■ Description of the task
Would you please return only the lines from the one with "Sentiment Analysis" through the last line of the records below, leaving the pictures out?

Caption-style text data
________________
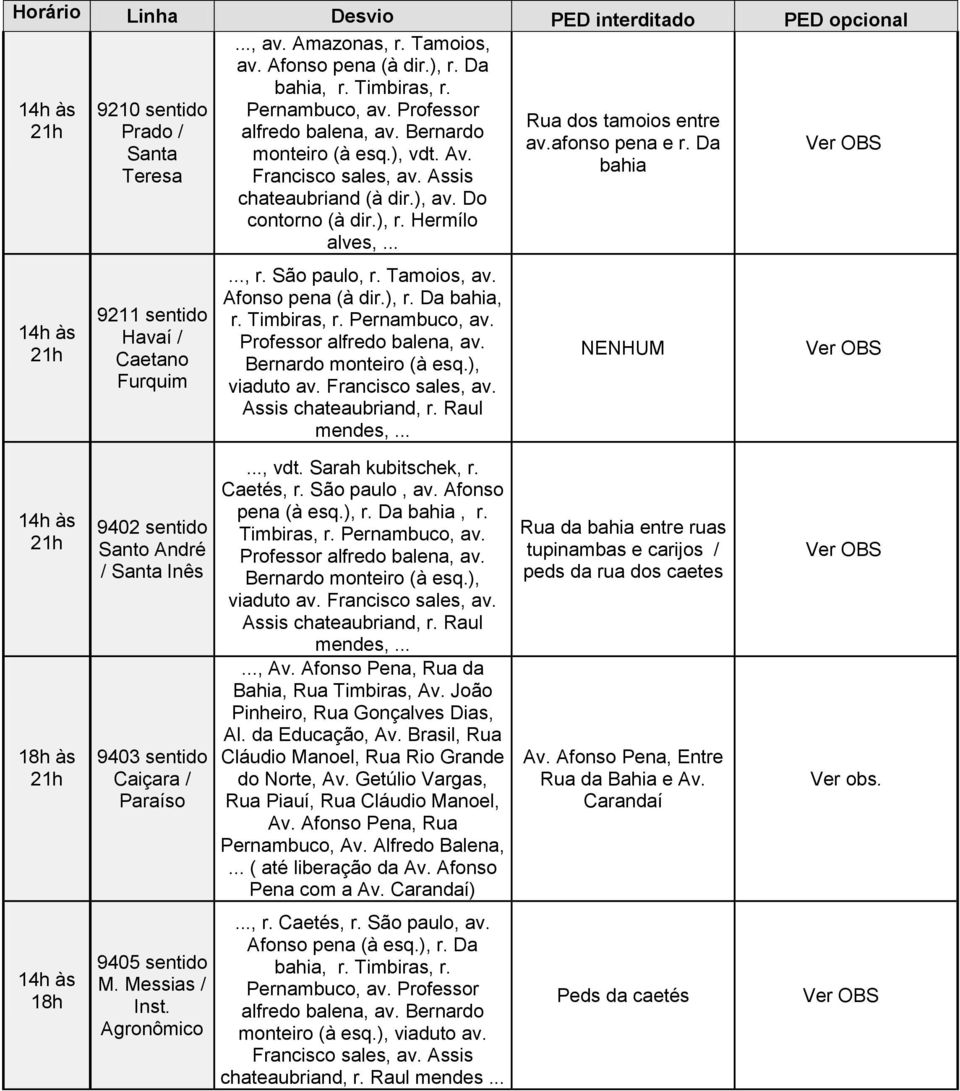 .., r. São paulo, r. Tamoios, av. Afonso pena (à dir.), r. Da bahia, r. Timbiras, r. Pernambuco, av. Professor alfredo balena, av. Bernardo monteiro (à esq.), viaduto av. Francisco sales, av.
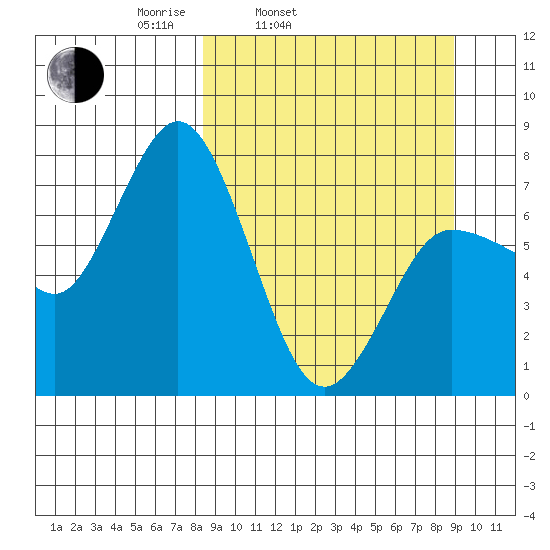 Northwest Arm tide chart for Thursday, March 24, 2022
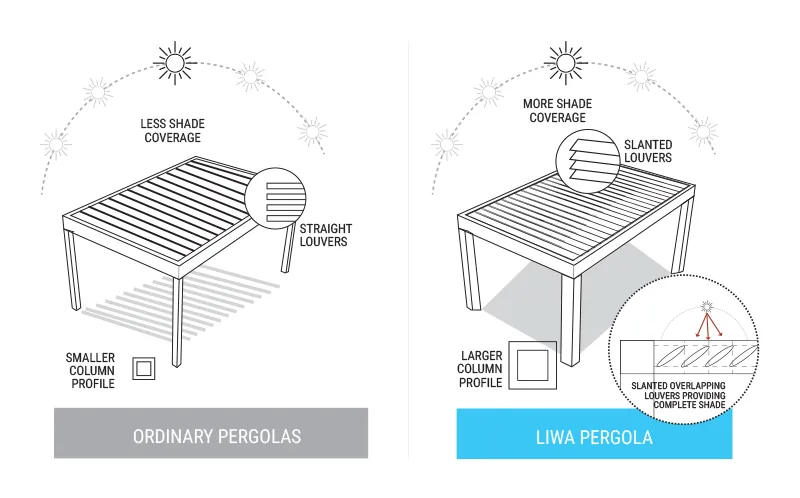 Liwa Fixed Roof Pergola - photo 2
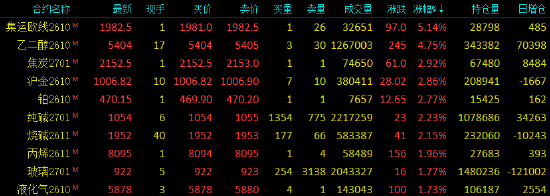 收评|国内期货主力合约涨多跌少，集运欧线涨超5%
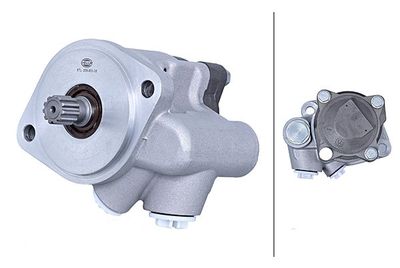 Hydraulipumppu, ohjaus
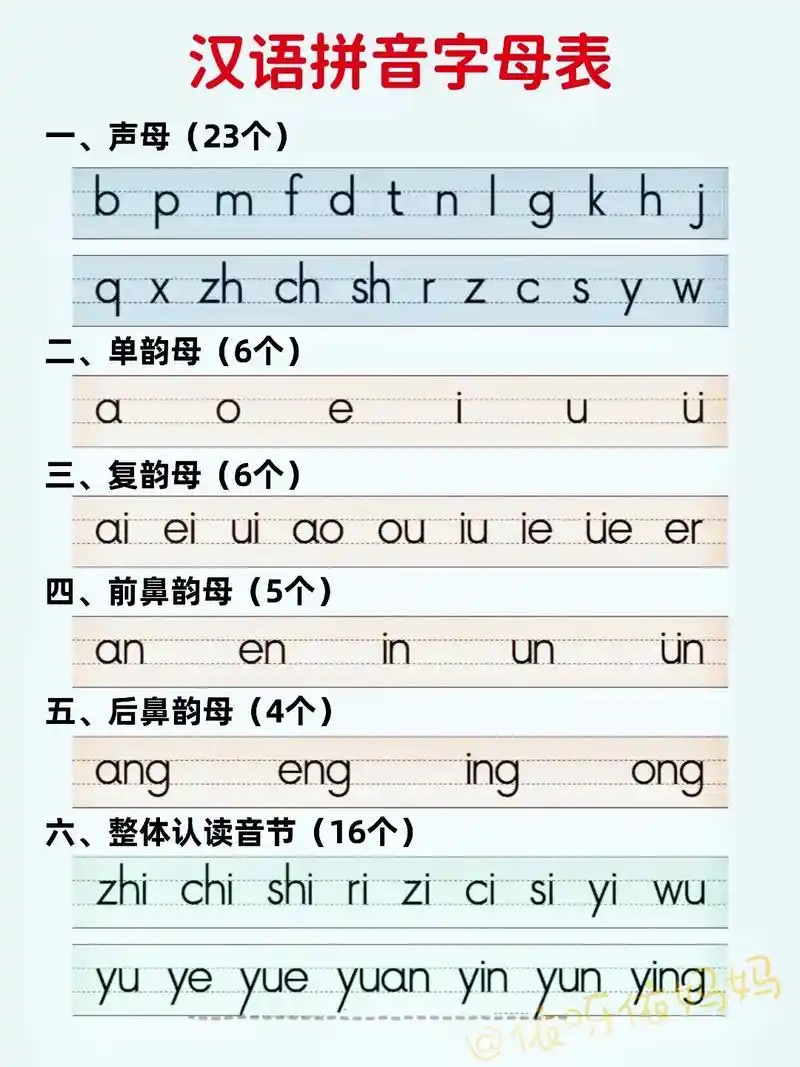 汉语拼音字母表可保存打印练习#抖音图文来了 #幼儿园 #幼升 - 抖音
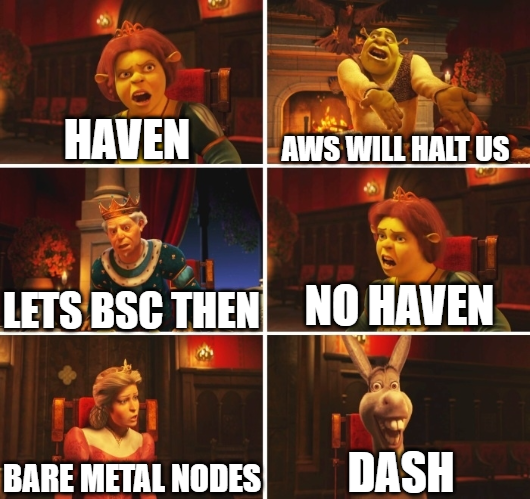 TreefeedXavier's tweet photo. The #NextChain discussion at @THORChain #Discord https://t.co/1fsqHWKXBS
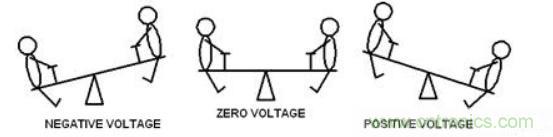 差分線也有差模，共模，奇模，偶模？看完這篇你就明白了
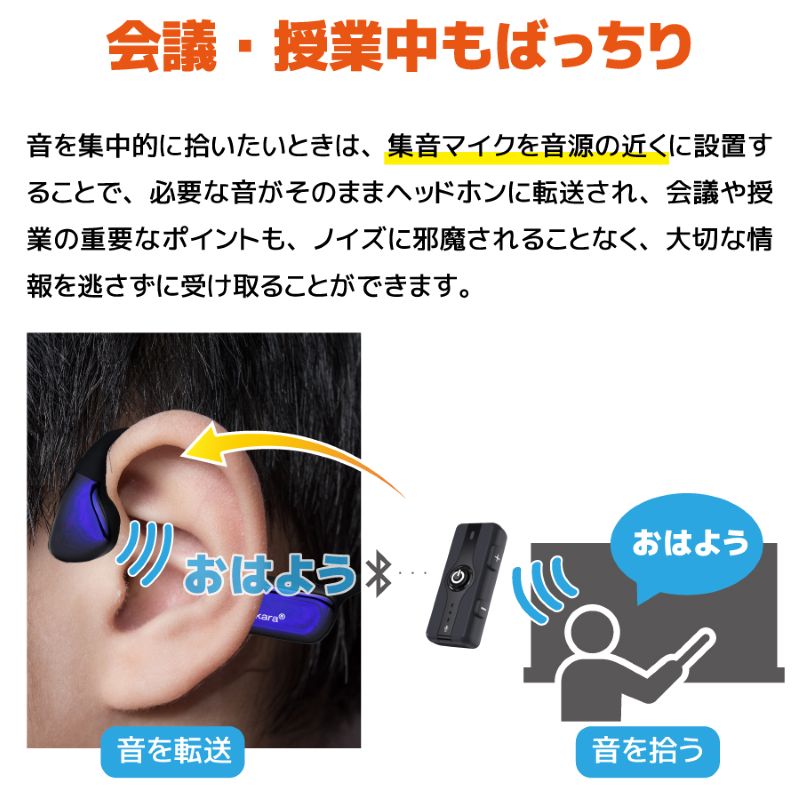 Mimitakara（ミミタカラ） 集音器｜充電式 ワイヤレス 骨伝導集音器 集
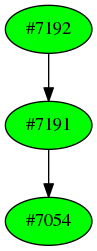 Dependency graph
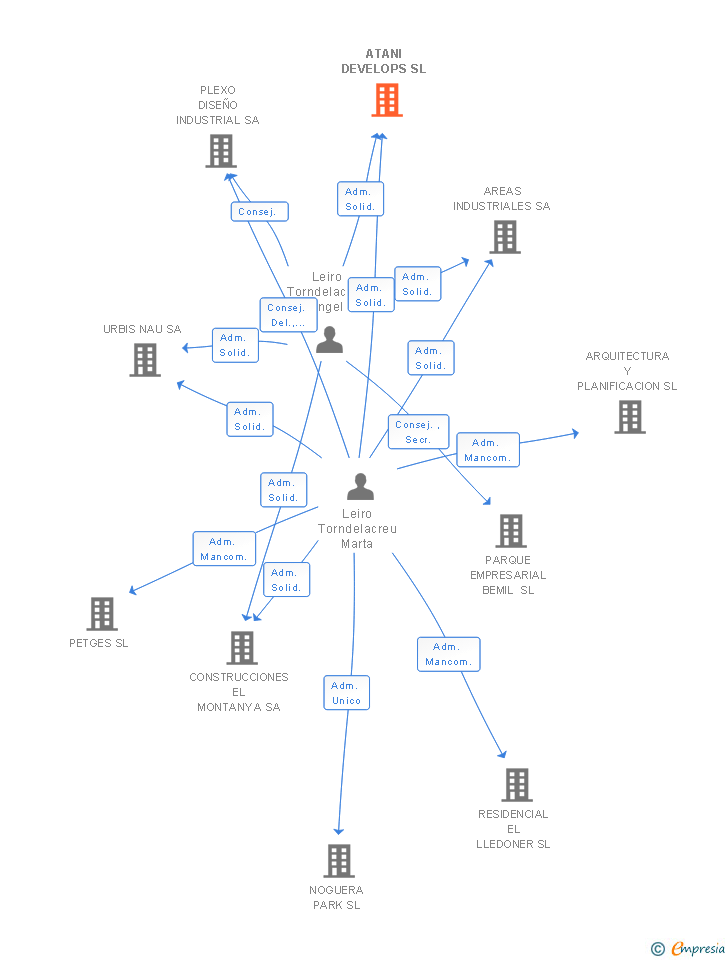 Vinculaciones societarias de ATANI DEVELOPS SL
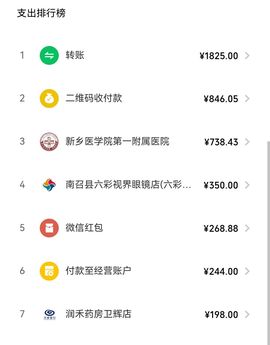 二小◐整点薯条主播照片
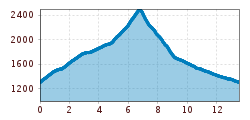 Elevation profile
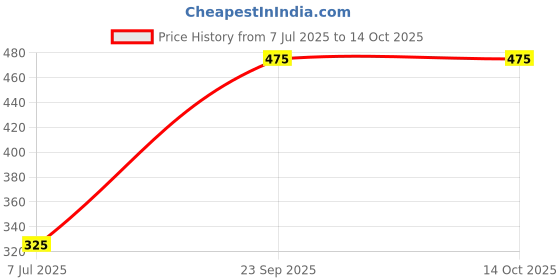 flipkart.com amaze actionware 0 W Multicolor Hand Blender amaze actionware Price History Graph from 7 Jul 2025 to 14 Oct 2025
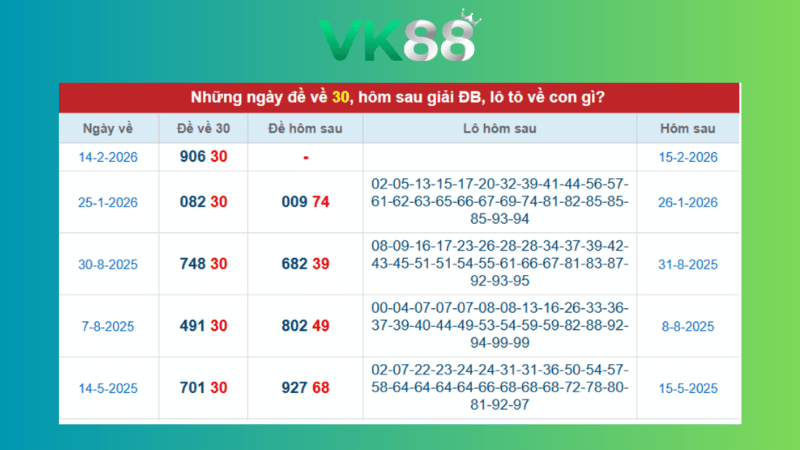 Dự đoán kết quả xsmb phương pháp chuỗi loto ngày (25/02/2026)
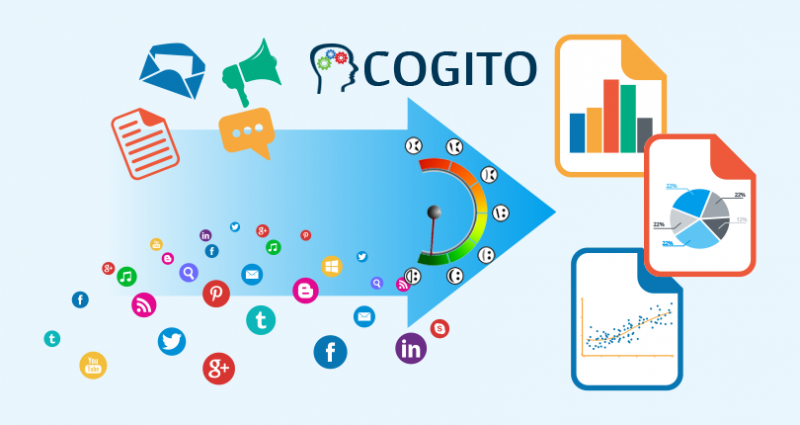 Sentiment Analysis 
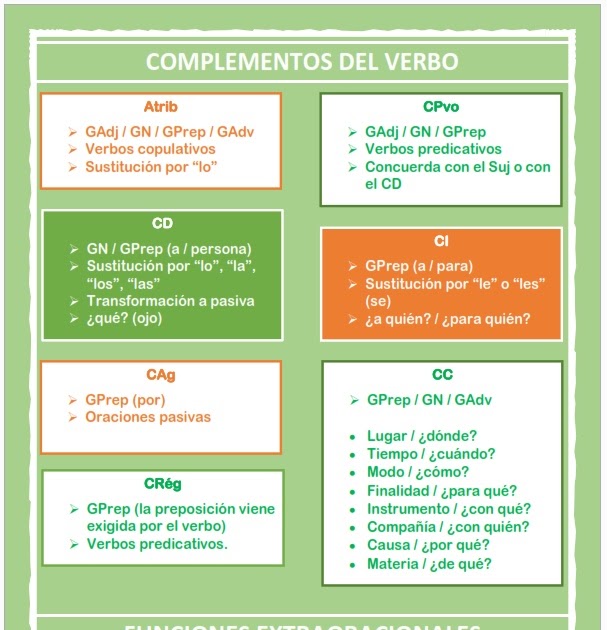 Lingüitástico: ESQUEMA DE LOS COMPLEMENTOS DEL VERBO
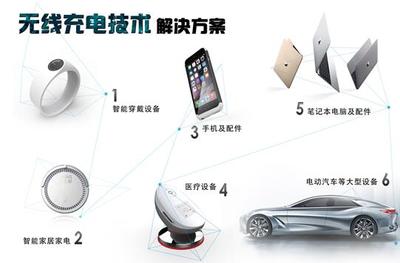 微鵝科技獲2000萬A輪融資，Wi-Po磁共振技術引領智能設備配件無線充電新浪潮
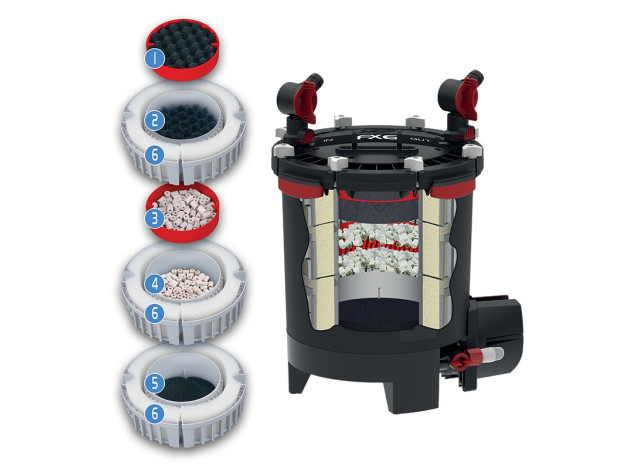 Fluval Filtro Externo FX6, 1500L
________________
■ Written answer
 Sentiment Analysis 
 Lingüitástico: ESQUEMA DE LOS COMPLEMENTOS DEL VERBO
 微鵝科技獲2000萬A輪融資，Wi-Po磁共振技術引領智能設備配件無線充電新浪潮
 Fluval Filtro Externo FX6, 1500L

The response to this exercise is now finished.